REQUIRED WORK: Your task is to retype, exactly, the line containing "Mug Latte Vache Highland Bébé Mignon" and every later line through the end of the listing, with pictures omitted.

INFORMATION SHOWN:
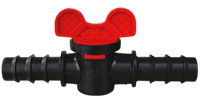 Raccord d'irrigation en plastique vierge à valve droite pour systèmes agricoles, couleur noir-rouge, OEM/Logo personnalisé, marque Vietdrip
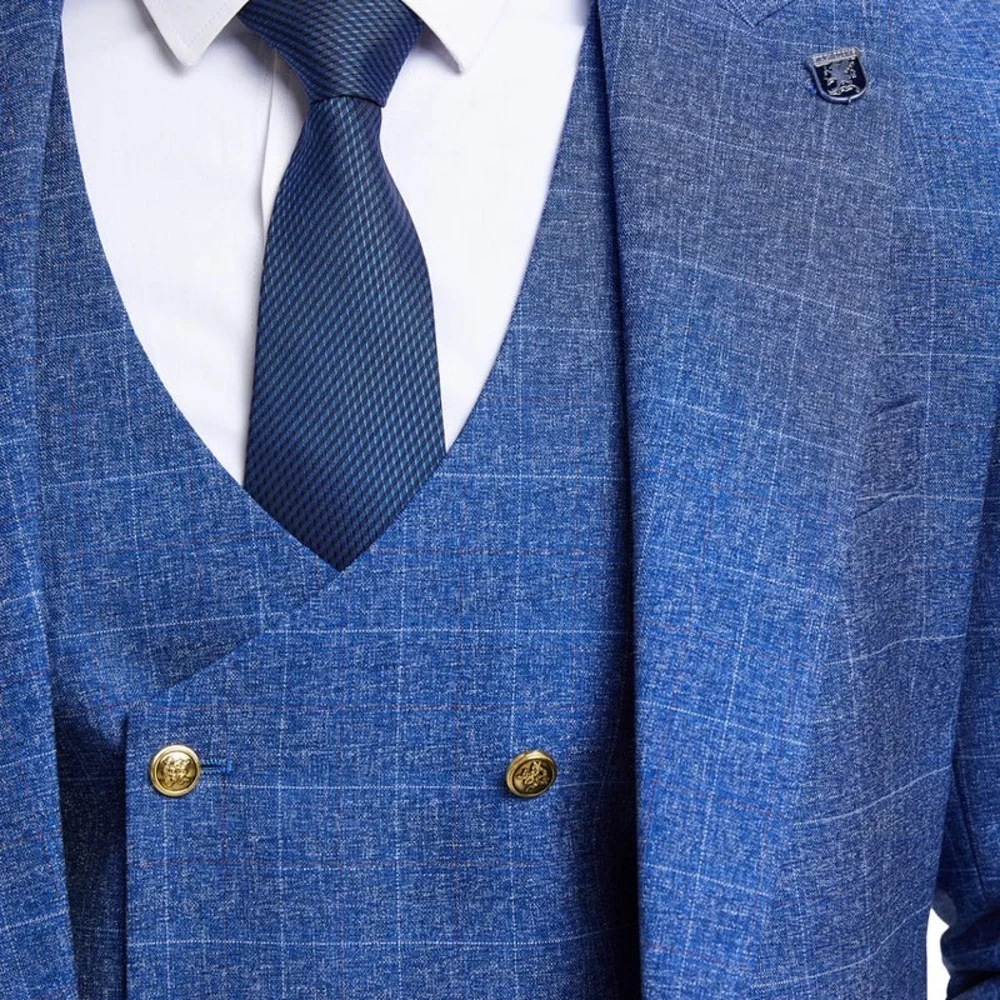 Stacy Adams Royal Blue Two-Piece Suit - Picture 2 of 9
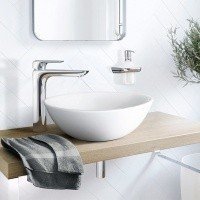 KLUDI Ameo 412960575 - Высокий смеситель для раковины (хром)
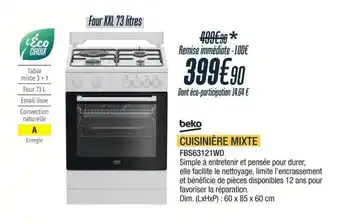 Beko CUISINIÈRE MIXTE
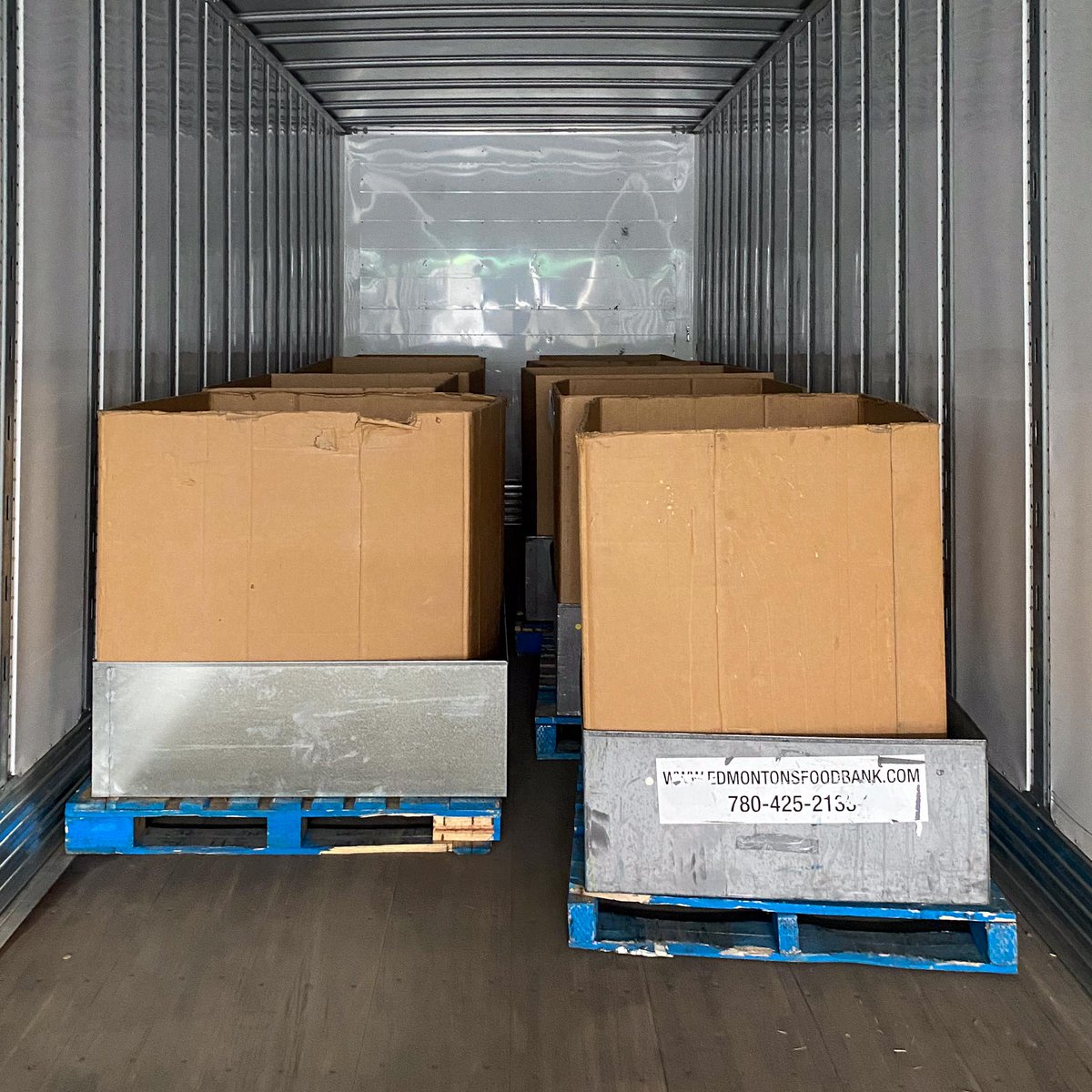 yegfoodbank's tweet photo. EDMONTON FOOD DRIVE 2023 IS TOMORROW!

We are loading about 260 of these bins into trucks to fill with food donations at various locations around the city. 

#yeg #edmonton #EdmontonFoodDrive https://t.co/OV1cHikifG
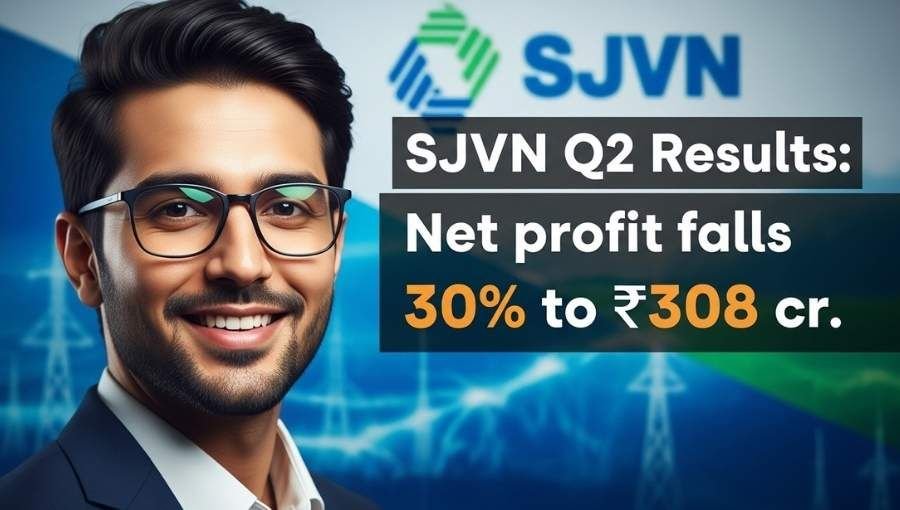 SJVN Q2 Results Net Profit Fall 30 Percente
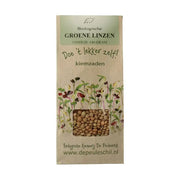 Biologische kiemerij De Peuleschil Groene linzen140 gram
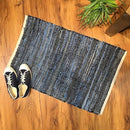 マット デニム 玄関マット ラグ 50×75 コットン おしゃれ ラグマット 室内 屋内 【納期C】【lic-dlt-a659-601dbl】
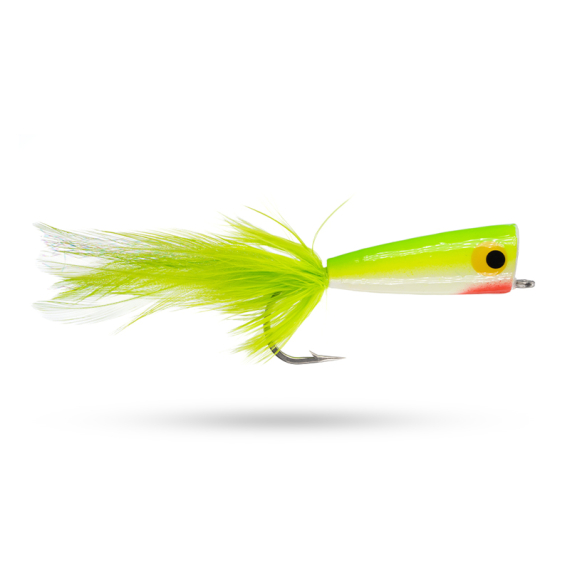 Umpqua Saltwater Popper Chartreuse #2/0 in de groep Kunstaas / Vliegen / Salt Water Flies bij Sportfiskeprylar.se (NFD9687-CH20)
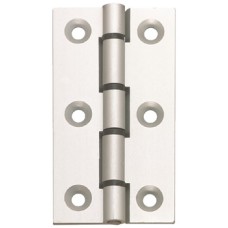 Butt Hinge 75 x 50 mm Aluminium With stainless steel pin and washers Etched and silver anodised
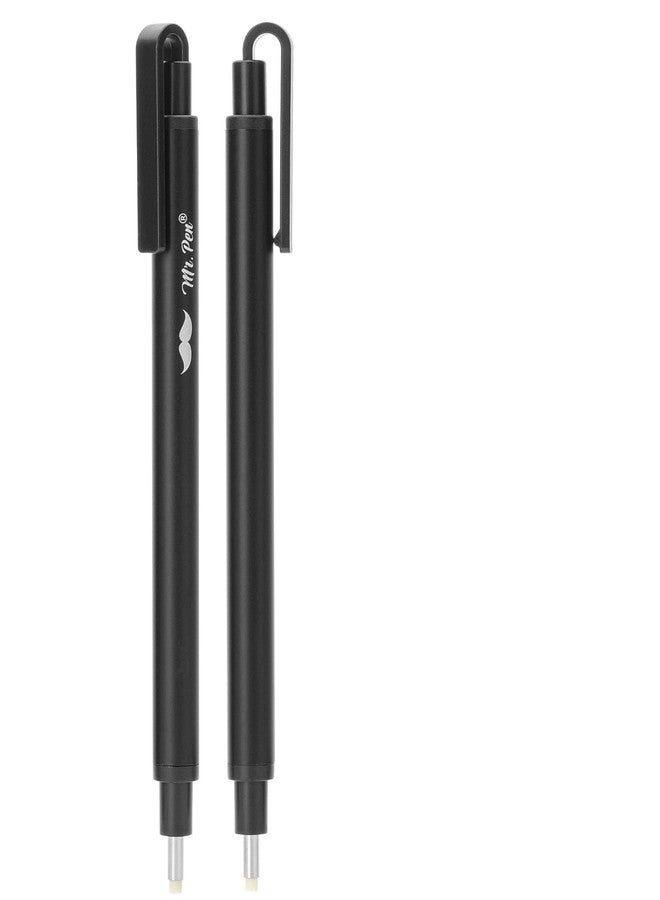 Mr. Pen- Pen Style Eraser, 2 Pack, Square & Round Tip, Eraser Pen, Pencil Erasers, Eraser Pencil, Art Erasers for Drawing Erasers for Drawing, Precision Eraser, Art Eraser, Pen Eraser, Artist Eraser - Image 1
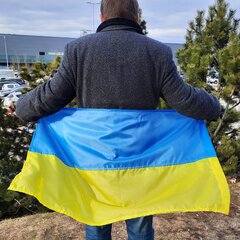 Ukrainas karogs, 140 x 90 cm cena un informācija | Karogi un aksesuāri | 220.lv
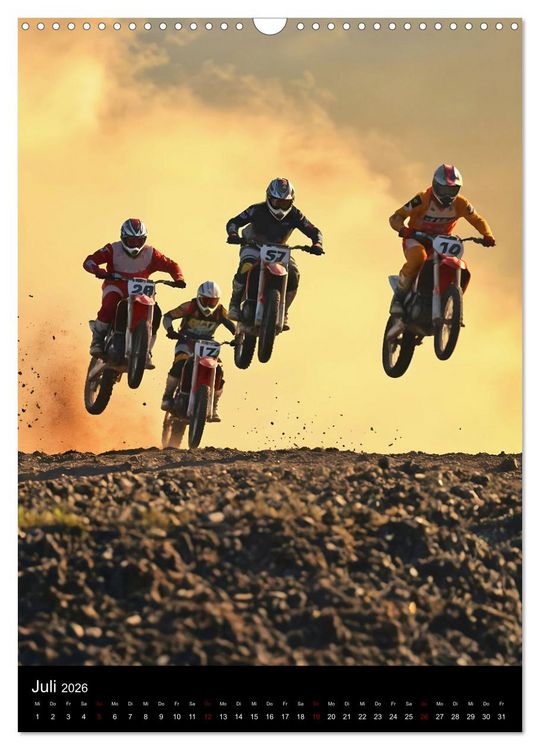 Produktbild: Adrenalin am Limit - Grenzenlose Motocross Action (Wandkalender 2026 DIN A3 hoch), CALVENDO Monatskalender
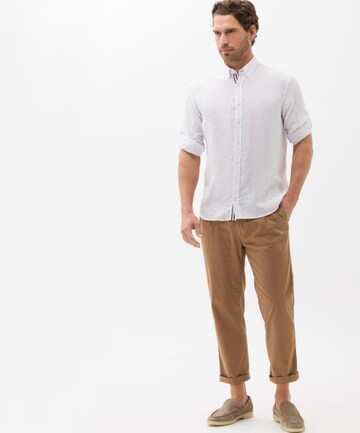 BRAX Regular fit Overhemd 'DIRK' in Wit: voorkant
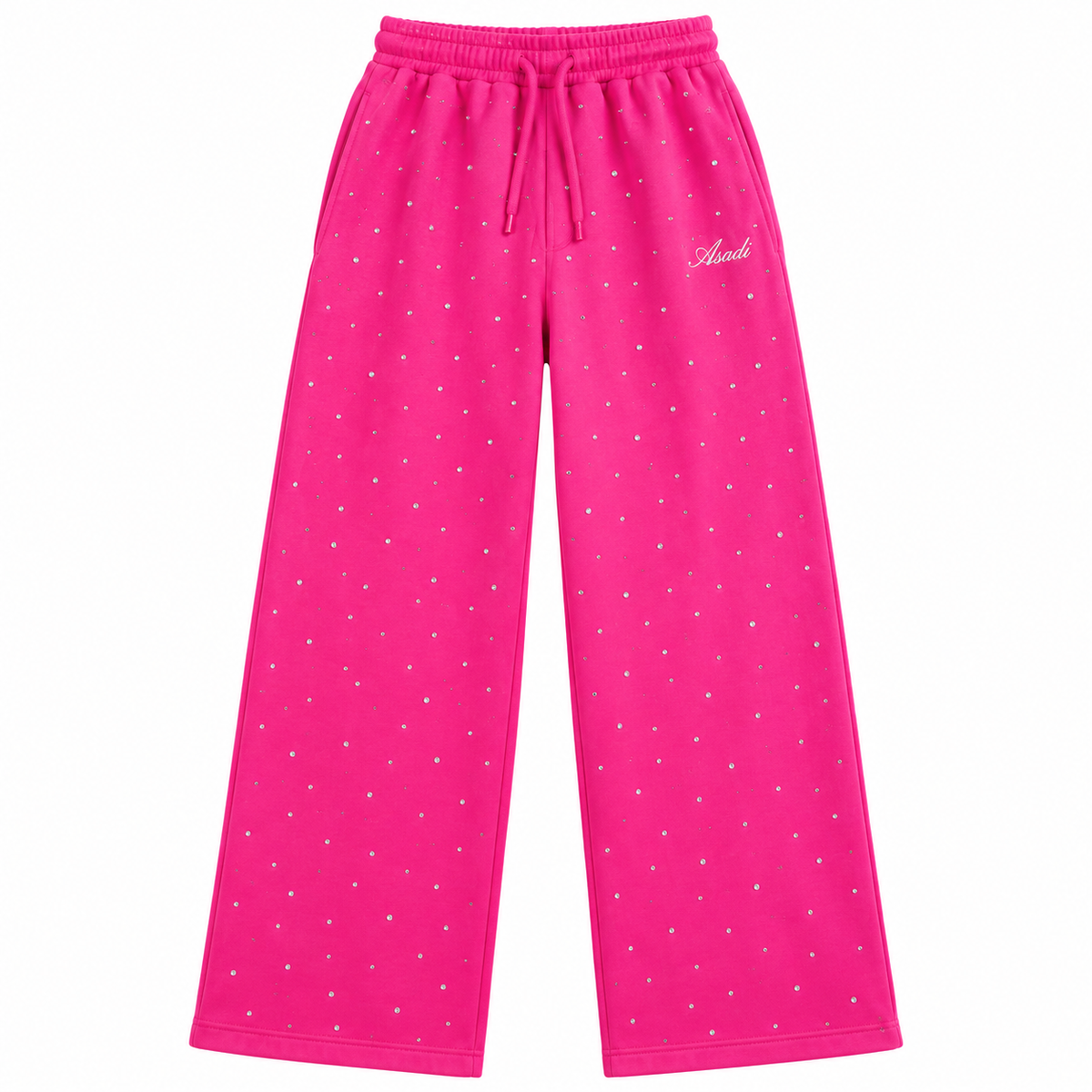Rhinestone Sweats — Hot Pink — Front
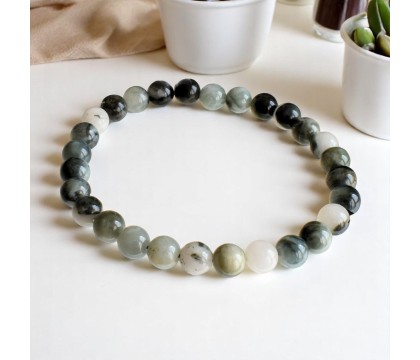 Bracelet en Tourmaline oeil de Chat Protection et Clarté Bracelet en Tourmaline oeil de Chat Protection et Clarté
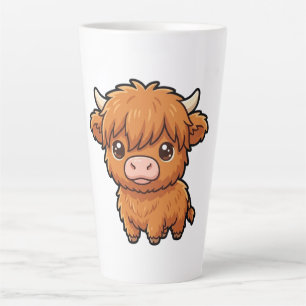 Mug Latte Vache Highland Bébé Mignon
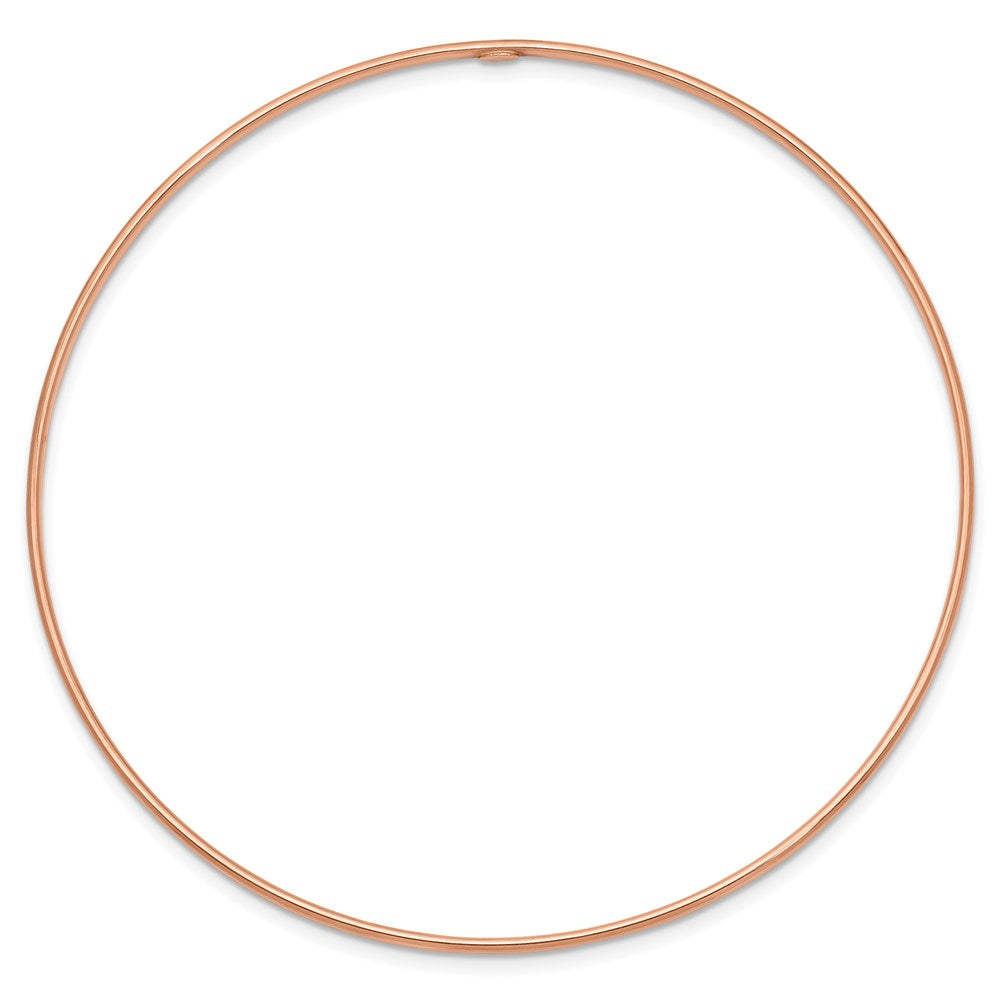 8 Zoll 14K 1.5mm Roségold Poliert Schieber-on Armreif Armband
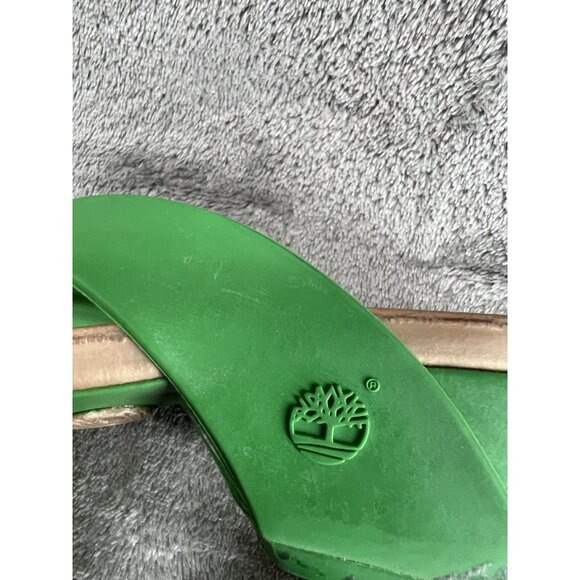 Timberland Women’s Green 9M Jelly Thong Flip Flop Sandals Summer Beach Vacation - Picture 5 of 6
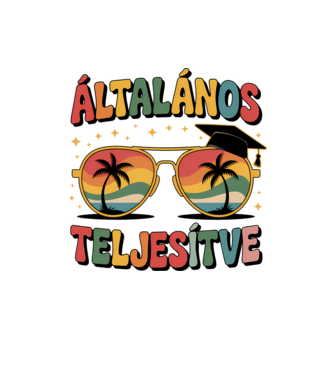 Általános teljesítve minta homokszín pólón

EXPECTED OUTPUT:
 Mug Latte Vache Highland Bébé Mignon
 8 Zoll 14K 1.5mm Roségold Poliert Schieber-on Armreif Armband
 Timberland Women’s Green 9M Jelly Thong Flip Flop Sandals Summer Beach Vacation - Picture 5 of 6
 Általános teljesítve minta homokszín pólón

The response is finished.